[Dataset records]

....

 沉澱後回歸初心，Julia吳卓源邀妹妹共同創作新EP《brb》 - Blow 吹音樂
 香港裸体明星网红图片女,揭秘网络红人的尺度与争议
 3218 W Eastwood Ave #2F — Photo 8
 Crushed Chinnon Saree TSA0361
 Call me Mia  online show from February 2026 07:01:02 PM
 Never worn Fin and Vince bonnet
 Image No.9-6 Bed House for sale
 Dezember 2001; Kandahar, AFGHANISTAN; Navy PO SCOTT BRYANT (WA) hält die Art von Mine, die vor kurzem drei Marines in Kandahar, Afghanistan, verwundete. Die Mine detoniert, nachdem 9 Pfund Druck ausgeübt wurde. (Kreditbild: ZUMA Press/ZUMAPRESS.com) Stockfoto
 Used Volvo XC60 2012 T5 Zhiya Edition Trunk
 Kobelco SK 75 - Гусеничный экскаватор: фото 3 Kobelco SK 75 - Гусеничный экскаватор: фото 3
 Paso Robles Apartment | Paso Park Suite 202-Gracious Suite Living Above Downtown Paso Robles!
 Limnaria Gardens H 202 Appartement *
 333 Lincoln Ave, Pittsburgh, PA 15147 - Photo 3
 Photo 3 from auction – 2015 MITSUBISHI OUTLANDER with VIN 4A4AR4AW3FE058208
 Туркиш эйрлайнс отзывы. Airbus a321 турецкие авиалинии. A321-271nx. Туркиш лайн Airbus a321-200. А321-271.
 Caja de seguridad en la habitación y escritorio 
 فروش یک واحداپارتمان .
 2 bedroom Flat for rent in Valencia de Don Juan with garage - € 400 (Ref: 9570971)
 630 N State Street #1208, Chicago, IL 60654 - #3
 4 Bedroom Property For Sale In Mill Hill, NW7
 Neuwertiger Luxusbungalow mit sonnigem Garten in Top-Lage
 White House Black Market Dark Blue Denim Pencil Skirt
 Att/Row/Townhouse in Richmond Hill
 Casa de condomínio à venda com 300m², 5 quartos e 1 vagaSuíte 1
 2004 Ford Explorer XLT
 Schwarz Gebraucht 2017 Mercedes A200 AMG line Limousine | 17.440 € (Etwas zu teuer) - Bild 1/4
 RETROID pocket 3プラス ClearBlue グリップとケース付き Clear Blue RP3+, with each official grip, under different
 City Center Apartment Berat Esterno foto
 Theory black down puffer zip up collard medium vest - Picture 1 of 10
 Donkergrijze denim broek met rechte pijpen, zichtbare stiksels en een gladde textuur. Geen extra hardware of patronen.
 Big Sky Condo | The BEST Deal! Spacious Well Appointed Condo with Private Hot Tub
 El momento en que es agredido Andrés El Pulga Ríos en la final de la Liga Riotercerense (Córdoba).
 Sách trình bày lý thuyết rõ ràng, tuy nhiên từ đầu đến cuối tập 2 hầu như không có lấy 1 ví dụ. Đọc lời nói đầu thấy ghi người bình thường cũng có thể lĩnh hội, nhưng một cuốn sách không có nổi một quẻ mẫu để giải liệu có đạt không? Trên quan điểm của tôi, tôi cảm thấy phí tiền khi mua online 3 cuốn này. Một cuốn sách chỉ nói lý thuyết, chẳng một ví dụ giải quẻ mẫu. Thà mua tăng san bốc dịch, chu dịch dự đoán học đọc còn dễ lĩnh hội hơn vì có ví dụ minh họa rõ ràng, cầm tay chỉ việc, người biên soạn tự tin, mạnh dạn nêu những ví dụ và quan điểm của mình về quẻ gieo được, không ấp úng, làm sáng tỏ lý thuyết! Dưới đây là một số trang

....

EXERCISE –
Match on "from" and report each line of the data above that has it.

EXERCISE OUTPUT –
 Call me Mia  online show from February 2026 07:01:02 PM
 Photo 3 from auction – 2015 MITSUBISHI OUTLANDER with VIN 4A4AR4AW3FE058208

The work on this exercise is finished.